When the Tune Ship was found and excavated in 1867 at the Nedre Haugen farm in Rolvsøy, Østfold, there were no plans for a special museum to display the ship; neither was a museum planned when the Gokstad Ship was excavated in the summer of 1880 at Gokstad farm near Sandefjord. The Gokstad Ship was exhibited in a temporary shelter in the University Garden in Oslo. In 1904 the Oseberg Ship was excavated at the Oseberg Farm in Slagen, not far from Tønsberg. After the excavation, the ship was reassembled in another temporary shelter in the University Garden.

In 1913 Professor Gabriel Gustafson, who had led the excavation of the Oseberg Ship, proposed the building of a Viking Ship Museum at Bygdøy.
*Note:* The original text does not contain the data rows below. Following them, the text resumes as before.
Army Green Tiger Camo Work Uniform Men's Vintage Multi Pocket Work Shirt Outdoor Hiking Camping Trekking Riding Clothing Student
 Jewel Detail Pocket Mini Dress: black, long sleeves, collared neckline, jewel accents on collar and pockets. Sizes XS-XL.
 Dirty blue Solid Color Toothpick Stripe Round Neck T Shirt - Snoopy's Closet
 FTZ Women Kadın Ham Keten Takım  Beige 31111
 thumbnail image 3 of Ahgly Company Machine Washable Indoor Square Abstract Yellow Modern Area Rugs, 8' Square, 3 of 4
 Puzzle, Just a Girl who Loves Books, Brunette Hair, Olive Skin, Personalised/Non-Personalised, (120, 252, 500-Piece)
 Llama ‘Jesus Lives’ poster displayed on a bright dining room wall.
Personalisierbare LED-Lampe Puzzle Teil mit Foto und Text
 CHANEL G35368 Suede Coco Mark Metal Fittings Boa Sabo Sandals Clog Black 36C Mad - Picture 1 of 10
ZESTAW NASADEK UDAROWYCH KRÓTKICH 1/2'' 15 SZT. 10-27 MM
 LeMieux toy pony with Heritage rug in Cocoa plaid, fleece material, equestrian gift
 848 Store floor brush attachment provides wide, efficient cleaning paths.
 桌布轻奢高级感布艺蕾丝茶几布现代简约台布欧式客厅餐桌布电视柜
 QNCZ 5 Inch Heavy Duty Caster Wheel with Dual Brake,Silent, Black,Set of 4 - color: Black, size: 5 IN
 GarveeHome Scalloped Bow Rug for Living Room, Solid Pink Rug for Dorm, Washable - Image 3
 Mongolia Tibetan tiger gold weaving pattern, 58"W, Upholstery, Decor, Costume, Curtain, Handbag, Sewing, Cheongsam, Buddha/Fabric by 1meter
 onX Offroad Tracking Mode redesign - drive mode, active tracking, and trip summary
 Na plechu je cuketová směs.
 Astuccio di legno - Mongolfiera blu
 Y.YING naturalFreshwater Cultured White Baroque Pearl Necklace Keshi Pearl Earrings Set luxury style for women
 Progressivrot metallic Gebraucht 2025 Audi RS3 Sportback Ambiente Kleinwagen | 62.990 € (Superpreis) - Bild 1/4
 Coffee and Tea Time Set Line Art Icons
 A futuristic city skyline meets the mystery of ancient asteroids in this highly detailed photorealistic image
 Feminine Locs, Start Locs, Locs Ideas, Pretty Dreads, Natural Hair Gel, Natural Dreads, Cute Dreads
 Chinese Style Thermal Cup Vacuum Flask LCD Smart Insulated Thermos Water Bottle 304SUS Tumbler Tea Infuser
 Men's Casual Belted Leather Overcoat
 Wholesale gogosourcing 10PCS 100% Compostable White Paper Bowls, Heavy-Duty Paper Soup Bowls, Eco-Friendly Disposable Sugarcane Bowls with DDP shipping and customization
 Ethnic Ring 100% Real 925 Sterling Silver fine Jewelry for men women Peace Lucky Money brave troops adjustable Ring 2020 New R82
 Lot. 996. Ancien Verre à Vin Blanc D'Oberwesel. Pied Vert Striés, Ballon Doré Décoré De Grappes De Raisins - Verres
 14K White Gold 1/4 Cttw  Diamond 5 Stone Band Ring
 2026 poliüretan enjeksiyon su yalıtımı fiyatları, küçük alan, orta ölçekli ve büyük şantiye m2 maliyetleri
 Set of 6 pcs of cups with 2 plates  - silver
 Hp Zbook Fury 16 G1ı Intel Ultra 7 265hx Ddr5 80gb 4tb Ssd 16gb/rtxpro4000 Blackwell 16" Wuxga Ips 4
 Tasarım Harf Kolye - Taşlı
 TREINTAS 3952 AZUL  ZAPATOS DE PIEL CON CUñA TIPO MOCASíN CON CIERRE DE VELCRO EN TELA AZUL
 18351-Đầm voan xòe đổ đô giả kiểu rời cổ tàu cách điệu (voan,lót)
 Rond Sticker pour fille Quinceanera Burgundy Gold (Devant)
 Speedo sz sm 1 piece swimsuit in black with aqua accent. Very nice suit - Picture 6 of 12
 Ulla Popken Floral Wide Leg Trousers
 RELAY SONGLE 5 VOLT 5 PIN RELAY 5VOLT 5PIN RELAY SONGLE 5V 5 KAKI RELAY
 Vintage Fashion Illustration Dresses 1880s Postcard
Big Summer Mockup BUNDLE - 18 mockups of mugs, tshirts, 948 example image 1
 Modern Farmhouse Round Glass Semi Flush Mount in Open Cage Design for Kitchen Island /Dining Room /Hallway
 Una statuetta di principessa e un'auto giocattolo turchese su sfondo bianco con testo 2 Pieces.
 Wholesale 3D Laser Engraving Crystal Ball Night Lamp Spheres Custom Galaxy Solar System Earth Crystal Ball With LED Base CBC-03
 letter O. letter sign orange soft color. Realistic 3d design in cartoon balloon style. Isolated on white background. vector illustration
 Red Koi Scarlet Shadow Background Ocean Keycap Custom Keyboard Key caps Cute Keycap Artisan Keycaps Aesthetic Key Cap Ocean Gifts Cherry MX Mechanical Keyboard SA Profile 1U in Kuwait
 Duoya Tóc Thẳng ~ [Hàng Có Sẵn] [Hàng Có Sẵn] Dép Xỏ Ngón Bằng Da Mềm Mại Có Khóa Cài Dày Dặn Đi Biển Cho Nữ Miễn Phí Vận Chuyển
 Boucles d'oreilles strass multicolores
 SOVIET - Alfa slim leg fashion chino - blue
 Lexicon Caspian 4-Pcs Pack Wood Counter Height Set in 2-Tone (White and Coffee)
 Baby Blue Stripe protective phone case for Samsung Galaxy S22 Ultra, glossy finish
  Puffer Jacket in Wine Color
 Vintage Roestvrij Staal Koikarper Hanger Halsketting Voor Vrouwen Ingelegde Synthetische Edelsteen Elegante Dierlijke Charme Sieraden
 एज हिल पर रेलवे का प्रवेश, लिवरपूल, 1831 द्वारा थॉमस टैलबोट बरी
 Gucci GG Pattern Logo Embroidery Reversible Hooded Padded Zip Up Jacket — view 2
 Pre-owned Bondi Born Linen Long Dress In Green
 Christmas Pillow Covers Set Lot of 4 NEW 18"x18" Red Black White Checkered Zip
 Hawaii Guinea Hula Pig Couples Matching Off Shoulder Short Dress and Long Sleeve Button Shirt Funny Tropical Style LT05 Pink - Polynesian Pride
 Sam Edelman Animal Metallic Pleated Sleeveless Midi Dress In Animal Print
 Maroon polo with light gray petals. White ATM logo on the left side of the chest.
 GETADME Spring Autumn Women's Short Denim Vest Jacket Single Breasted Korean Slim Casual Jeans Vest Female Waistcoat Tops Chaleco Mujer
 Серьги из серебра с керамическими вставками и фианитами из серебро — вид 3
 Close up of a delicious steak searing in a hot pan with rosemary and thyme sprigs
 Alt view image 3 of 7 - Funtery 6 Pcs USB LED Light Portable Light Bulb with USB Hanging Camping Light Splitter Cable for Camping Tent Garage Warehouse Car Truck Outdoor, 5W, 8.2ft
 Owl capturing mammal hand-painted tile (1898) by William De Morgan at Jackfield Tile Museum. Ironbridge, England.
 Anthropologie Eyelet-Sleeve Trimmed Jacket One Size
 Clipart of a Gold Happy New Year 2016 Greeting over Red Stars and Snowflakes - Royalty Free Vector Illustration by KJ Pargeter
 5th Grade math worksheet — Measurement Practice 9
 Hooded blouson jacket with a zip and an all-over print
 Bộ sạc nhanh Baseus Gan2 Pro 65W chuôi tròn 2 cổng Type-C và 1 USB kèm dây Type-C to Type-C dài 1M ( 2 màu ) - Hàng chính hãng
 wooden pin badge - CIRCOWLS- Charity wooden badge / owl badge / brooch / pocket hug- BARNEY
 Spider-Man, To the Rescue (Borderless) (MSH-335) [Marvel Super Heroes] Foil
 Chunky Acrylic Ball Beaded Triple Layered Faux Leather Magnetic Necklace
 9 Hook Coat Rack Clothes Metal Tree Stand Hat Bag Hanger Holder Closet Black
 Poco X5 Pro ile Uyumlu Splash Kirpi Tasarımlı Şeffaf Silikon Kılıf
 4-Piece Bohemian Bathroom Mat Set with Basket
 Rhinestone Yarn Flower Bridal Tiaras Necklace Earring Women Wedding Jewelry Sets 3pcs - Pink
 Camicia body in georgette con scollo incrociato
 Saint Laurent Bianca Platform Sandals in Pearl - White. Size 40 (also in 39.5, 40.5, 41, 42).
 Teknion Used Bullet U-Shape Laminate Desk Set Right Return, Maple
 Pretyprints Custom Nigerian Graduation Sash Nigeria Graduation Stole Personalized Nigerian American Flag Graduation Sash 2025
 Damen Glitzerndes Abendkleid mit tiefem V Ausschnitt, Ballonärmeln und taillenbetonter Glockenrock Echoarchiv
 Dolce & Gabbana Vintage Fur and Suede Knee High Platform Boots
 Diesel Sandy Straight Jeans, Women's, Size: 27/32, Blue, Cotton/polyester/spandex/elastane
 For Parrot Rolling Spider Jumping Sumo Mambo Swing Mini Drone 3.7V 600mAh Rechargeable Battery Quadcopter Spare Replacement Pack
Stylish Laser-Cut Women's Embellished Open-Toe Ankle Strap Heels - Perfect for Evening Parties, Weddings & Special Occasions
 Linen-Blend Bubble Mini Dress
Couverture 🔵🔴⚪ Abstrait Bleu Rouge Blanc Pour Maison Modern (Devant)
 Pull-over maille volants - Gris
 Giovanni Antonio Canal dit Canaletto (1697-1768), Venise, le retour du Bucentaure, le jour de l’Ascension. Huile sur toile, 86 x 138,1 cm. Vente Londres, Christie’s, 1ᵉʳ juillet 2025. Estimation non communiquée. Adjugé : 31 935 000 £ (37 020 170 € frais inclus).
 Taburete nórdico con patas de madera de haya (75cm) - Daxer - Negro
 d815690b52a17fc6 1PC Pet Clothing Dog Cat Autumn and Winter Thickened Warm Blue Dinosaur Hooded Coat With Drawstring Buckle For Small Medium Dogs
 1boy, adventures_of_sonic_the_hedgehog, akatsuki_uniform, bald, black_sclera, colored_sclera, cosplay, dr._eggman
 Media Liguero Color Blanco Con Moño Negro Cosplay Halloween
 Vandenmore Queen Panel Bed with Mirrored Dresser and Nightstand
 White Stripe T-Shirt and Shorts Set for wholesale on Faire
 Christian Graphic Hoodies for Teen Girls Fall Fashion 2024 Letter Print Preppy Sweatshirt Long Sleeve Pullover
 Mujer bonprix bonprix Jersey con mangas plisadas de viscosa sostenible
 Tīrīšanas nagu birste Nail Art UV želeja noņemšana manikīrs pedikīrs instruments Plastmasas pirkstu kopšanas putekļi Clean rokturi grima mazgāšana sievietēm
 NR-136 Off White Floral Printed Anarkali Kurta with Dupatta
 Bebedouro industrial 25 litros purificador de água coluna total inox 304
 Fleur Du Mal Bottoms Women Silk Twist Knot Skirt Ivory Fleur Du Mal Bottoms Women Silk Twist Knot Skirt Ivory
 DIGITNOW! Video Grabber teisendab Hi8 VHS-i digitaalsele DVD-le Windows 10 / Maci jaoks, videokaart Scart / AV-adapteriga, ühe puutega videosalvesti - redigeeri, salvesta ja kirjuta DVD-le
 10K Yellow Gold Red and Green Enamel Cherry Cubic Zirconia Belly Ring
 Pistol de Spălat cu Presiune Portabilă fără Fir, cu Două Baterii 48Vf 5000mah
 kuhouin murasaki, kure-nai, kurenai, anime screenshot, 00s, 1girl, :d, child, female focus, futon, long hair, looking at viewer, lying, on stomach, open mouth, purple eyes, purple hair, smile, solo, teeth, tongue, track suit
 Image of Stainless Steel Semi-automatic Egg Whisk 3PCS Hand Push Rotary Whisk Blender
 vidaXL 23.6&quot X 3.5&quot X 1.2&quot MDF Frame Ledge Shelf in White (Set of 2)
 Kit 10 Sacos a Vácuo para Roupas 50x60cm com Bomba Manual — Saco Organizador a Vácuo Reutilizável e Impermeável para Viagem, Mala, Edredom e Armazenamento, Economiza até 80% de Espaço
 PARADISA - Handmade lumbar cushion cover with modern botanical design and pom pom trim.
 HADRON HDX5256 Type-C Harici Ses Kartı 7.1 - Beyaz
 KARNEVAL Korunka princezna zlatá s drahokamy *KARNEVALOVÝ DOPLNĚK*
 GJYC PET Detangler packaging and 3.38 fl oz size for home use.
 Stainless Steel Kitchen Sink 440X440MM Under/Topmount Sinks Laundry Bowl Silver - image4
The same year an architect competition was announced, and was won by Arnstein Arneberg (1882 - 1961). The Norwegian parliament granted funding, and in 1926 the Oseberg wing was completed and the ship was moved to its new home. In 1932 the wings for the Gokstad and Tune Ships were finished and all the ships were now in place. The last wing with grave finds from the Oseberg ship burial was first completed in 1957.

Arnstein Arneberg is a highly renowned Norwegian architect and the Viking Ship Museum is one of his most significant works, which includes the Oslo City Hall and the home of the Norwegian royal family at Skaugum.

On entering the Viking Ship Museum, visitors immediately face the Oseberg Ship. Walking past the ship, one reaches the centre axis of the museum, with artefacts from the Oseberg ship burial in front, the Gokstad Ship to the left and the Tune Ship to the right. The Museum also has a balcony with a good view of the Oseberg and Gokstad Ships.

In the gallery above the entrance there are thematic exhibitions.The museum also has a museum shop with books, posters, post cards, souvenirs and jewellery. In the summer, food and mineral water are sold at the kiosk outside the museum.